## [Data extract]
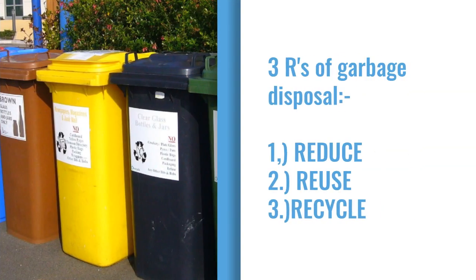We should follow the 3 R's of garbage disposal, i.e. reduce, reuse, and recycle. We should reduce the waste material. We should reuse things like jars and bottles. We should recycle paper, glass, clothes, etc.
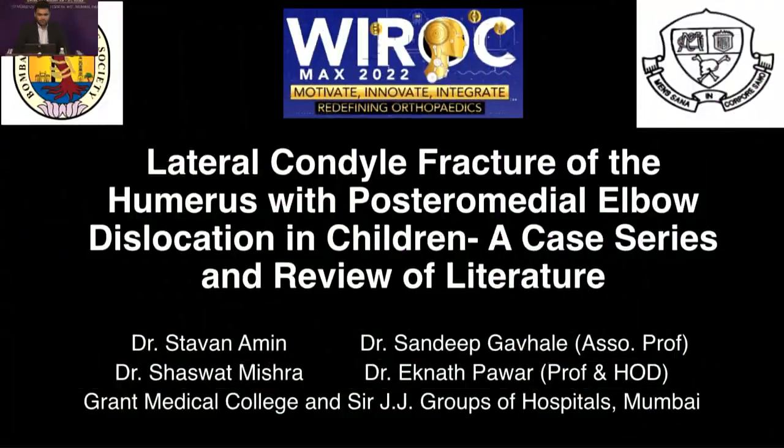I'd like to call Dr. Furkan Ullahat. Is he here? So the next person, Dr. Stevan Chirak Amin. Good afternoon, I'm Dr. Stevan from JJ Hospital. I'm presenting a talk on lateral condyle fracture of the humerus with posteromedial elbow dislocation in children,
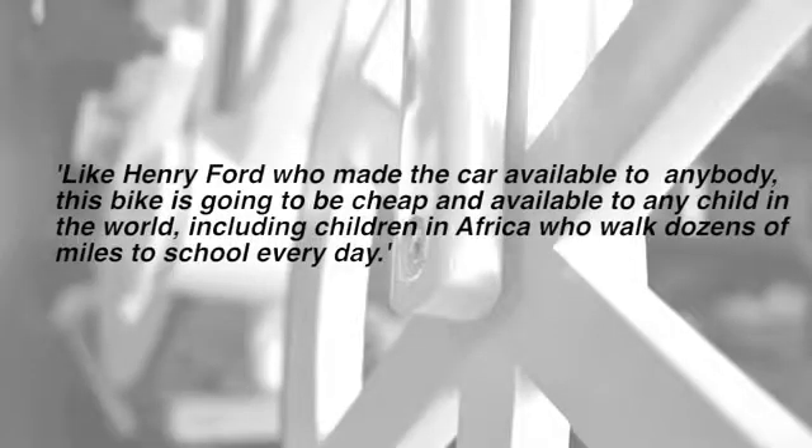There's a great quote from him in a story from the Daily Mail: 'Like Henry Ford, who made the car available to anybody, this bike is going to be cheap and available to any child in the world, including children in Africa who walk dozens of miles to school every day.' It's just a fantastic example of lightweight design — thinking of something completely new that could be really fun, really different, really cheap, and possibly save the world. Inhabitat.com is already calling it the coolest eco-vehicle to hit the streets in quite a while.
...
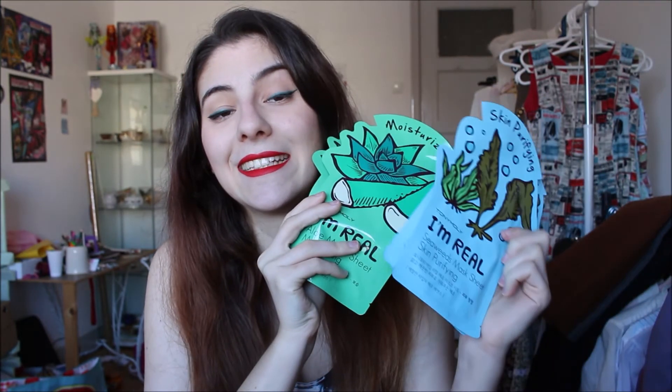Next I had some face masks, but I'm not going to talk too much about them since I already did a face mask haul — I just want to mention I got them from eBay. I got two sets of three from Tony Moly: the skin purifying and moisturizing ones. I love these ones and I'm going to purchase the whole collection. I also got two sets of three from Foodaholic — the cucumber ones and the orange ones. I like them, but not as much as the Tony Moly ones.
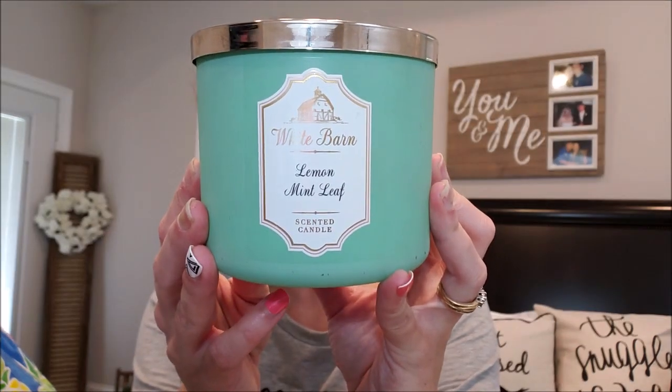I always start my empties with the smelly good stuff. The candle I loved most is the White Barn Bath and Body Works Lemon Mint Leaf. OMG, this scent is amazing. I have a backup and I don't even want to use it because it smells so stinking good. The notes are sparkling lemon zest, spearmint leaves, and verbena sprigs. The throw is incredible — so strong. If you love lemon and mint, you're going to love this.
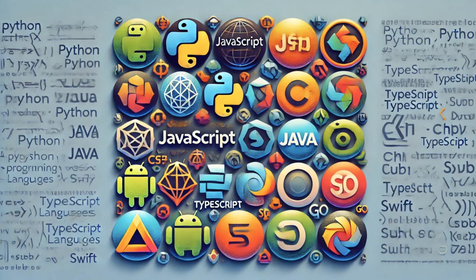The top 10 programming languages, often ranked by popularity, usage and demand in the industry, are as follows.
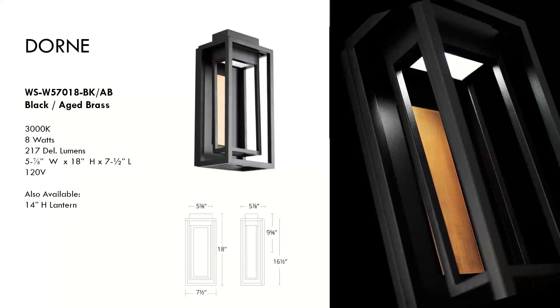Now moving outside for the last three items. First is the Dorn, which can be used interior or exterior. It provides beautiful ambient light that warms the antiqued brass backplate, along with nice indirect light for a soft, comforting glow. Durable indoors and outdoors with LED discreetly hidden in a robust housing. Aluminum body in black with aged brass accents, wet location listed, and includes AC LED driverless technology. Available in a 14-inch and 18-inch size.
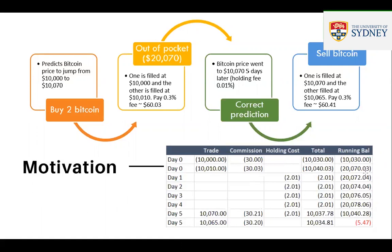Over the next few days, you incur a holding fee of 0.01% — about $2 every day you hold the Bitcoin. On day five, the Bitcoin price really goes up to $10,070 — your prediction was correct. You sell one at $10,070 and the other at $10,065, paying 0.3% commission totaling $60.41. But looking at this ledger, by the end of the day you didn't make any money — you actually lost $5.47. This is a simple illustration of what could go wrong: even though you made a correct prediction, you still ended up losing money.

## [Task description]
From the material above, output only the span of lines that starts at the one containing "Next I had some" and finishes at the one containing "The top 10 programming", word for word and free of pictures.

## [Task answer]
Next I had some face masks, but I'm not going to talk too much about them since I already did a face mask haul — I just want to mention I got them from eBay. I got two sets of three from Tony Moly: the skin purifying and moisturizing ones. I love these ones and I'm going to purchase the whole collection. I also got two sets of three from Foodaholic — the cucumber ones and the orange ones. I like them, but not as much as the Tony Moly ones.
I always start my empties with the smelly good stuff. The candle I loved most is the White Barn Bath and Body Works Lemon Mint Leaf. OMG, this scent is amazing. I have a backup and I don't even want to use it because it smells so stinking good. The notes are sparkling lemon zest, spearmint leaves, and verbena sprigs. The throw is incredible — so strong. If you love lemon and mint, you're going to love this.
The top 10 programming languages, often ranked by popularity, usage and demand in the industry, are as follows.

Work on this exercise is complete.